I raised my son with attention to a parental safety zone.  I wanted him to be independent, but I also wanted him to feel confident that his needs--emotional and physical-- were being met.  Yes, there were rough patches of infancy-- colic, bad phases-- but he was a relatively easy baby.  He spoke words at 12 months and expressed his needs as best he could.    As a 24/7 single parent this made a difference; I had no help and worked most nights doing gigs, while he was sleeping.  He rarely woke to notice I was absent.  One night a neighbor was sleeping over while I worked... he woke up... she gave him a water bottle and put him back to bed.  But he kept calling-- asking her for a comb.  "Comb.  He needs a comb,' he implored-- using the third person, as he did.  So my neighbor kept taking his little blue baby comb out of the drawer and fixing his hair.  But he would shake his head and repeat.  When I called during break to check in, I could hear him crying.  She put him on the phone --'Mama-- COMB'... he was saying...  At last it occurred to me... we had a bedtime ritual, after I put him in the crib... I would read him some rhyme from a huge old coverless anthology of verse... so I recited on the phone some things I knew from Robert Louis Stevenson-- the Swing poem, the Land of Counterpane...  and immediately he calmed and curled up with his little finger.  Poem, not comb.  It was comical... but also I realized it was his little bedtime 'need'... his comfort.  Fortunately I figured that one out.

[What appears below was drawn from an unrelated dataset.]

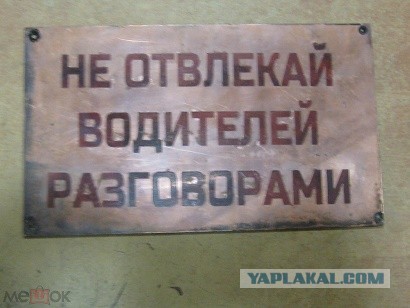 Супергерой обнаружен?!?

My baby girl was born with a fatal heart defect.  Neither the doctors nor I were able to diagnose and repair the hole through which she disappeared.  Her needs, unlike those of her brother, were unreachable.  They haunt me still, because when we love someone, we adopt their pain.  She and I had barely been separated; I grieve daily not only for her angelic soul, but for my failure to provide her comfort.

My son is a man and his needs are a lot more complex.  Tonight we spoke about Antonio Brown and the dissolution of his once-promising career.  I always feel so much empathy for these athletes-- knowing how much they put in day after day-- the sacrifices, the sweat and training.  Then they are thrust into a spotlight, showered with sums of money that are almost beyond their ability to manage, preyed upon by media, women, fame parasites.  And once they taste this kind of celebrity-- well, there is no normal. What are his needs now? He is in the midst of meltdown mode.

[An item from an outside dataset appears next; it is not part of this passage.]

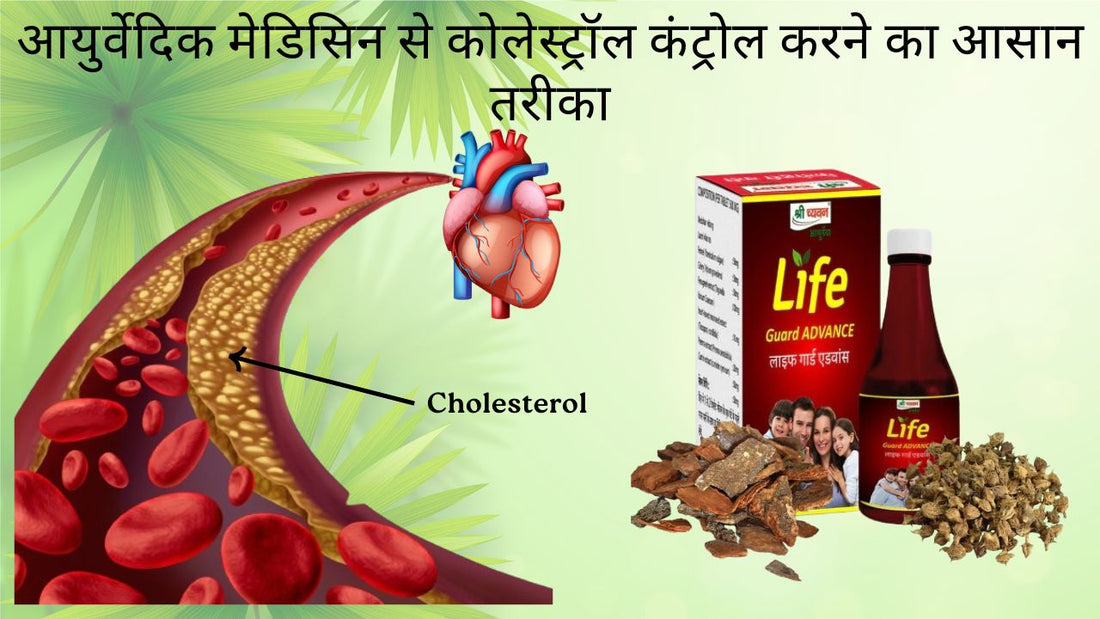 best ayurvedic medicine for cholesterol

Our needs change as we grow older-- they increase, and then in ways they decrease.  As adults, we figure out how to provide our own needs-- not to depend on partners, friends and children. But when we are ill, all bets are off.  A day without pain is a gift; a successful treatment is a reward.  We paddle upstream hopefully toward some version of recovery.  But first, this requires a proper diagnosis-- for someone to really listen to our symptoms and complaints, and devise a medical course.  For this, we are at the mercy of professionals whom we pray are astute and on point. As for emotional symptoms-- I have friends who have been seeing a shrink for decades.  Some have regressed into childhood memories and early trauma to encounter their younger, less damaged self.  Does this help?  At this age, no one is going to rock us to sleep or read us nursery rhymes out loud.  Still, we can try to listen.  Loneliness is easily diagnosable; fear and anger less so, but we can check in and listen and offer not to deliver our signature brownies or cookies, but to see what they need--  a clean stove or some menial errand or maybe to simply hear a caring voice tell them how much they mean to us-- that we are not just who we are, but who we have been-- with our canes and limps and aches and scars.  This life is a package deal and we all get our unraveling at some point.  So share the wealth, whatever that may mean, with someone who needs it today.